Maryanne E. Low, Schenectady, NY (Higgins, Roberts, Beyerl & Coan, P.C., of counsel), for defendant-appellee Alleman n/k/a Adler.
Before: PRATT and JACOBS, Circuit Judges, and WHITMAN KNAPP, Senior District Judge, United States District Court for the Southern District of New York, sitting by designation.

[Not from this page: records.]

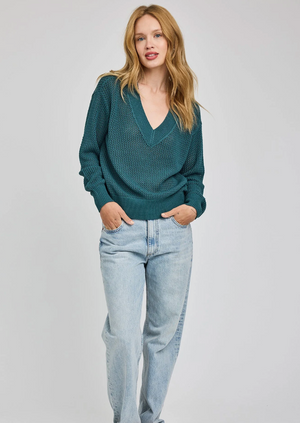 Jensen V-neck Sweater in Lagoon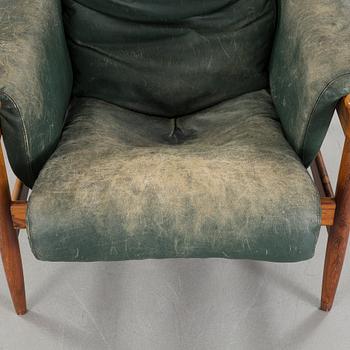 ERIC MERTHEN, fåtölj, "Amiral", Industri IRE, Skillingaryd, 1960-tal. CITES-intyg.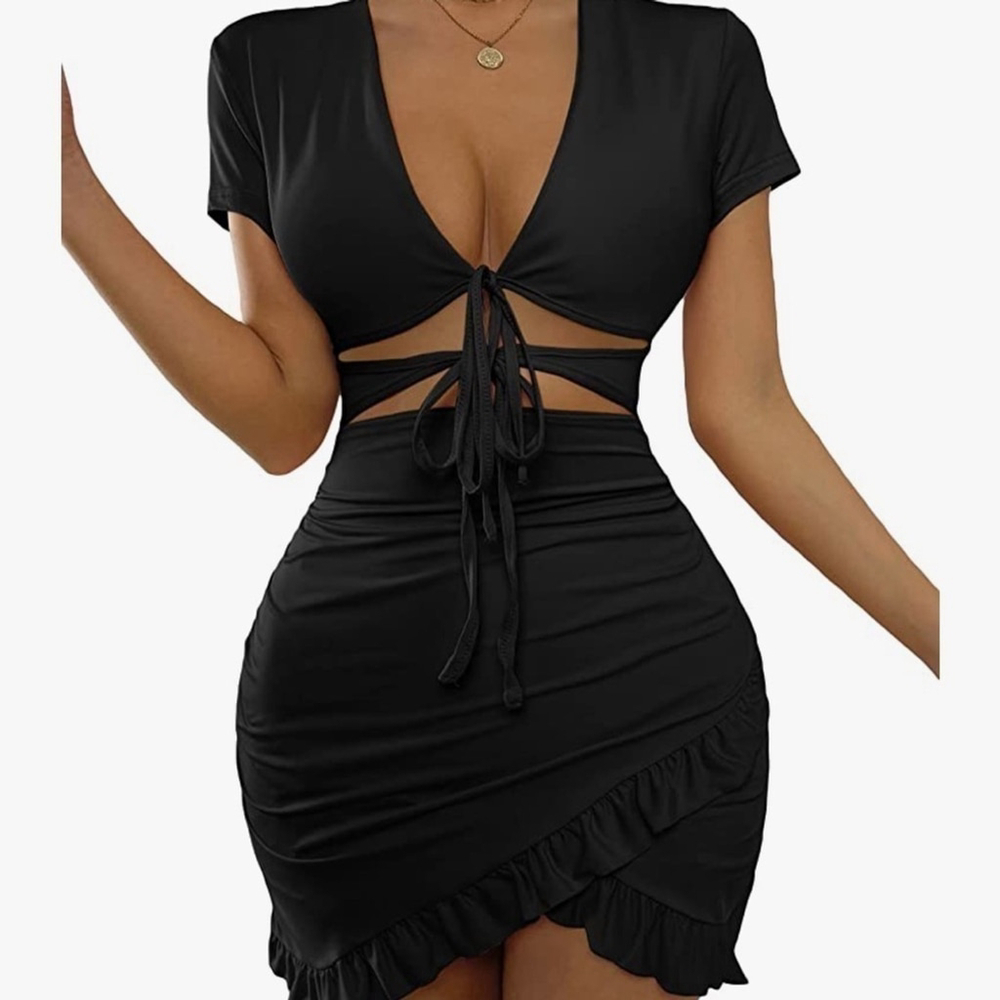 Cut Out Ruffle Ruched Bodycon Mini Short Sleeve Tie Front Wrap Dress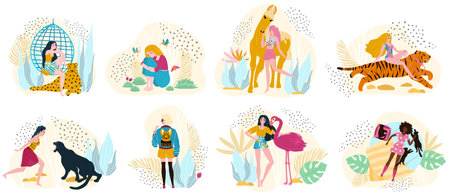 Women models in fashion clothes with wild animals, vector illustrationのイラスト素材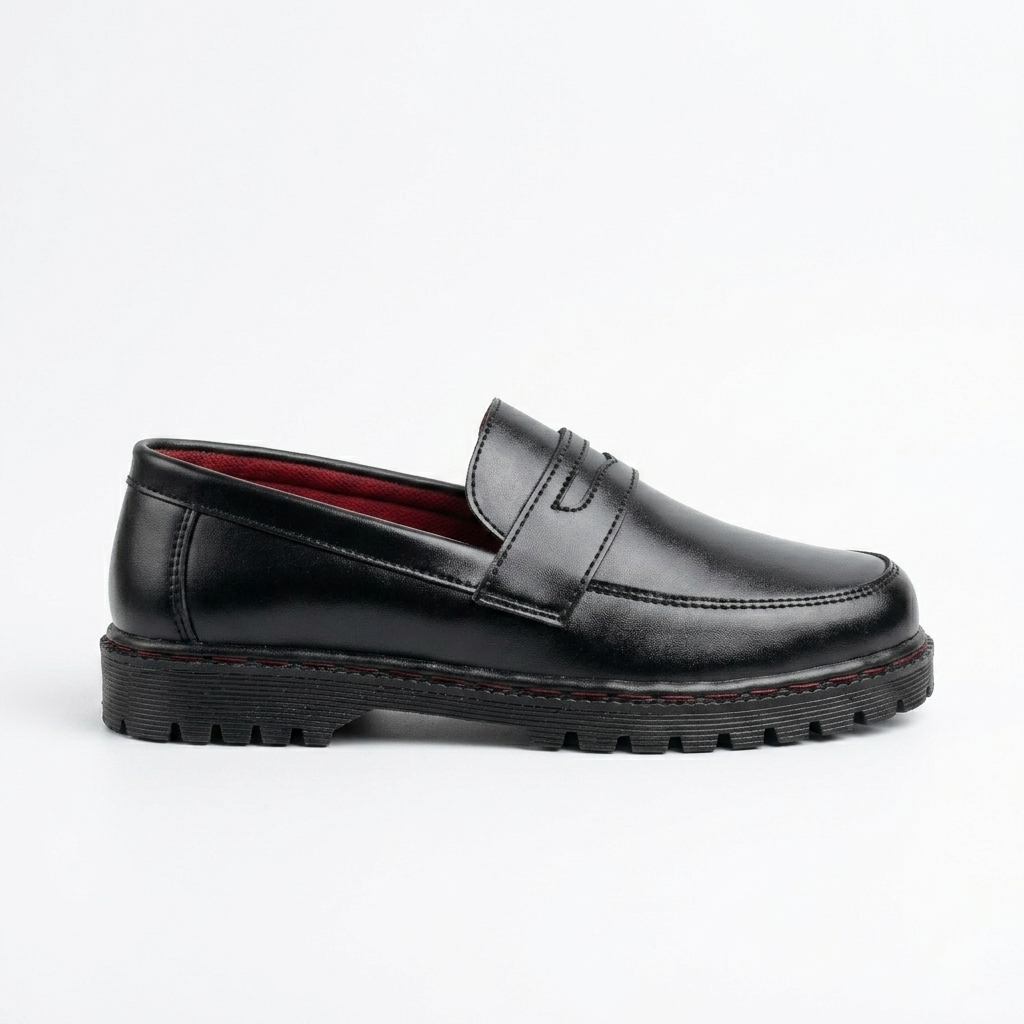 Nugee Zepyr Penny Loafers Black Stiching Maroon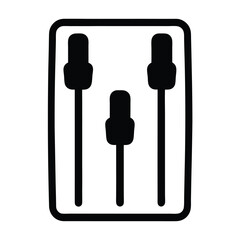 Black and white symbol representing audio mixing console, soundboard controls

GEORGE C. PRATT, Circuit Judge:
Nadia and Mark Ferran, mother and son, appeal pro se from two judgments of the United States District Court for the Northern District of New York, Frederick J. Scullin, Jr., Judge, which, on motions under Fed.R.Civ.P. 12(b)(6), dismissed their suit for damages, declaratory, and injunctive relief brought principally under 42 U.S.C. Sec. 1983, Sec. 1985, and Sec. 1986. Pendent state claims for slander and defamation were also alleged. The Ferrans' suit named as defendants all those involved in what is, in essence, a local land dispute involving both private and governmental parties.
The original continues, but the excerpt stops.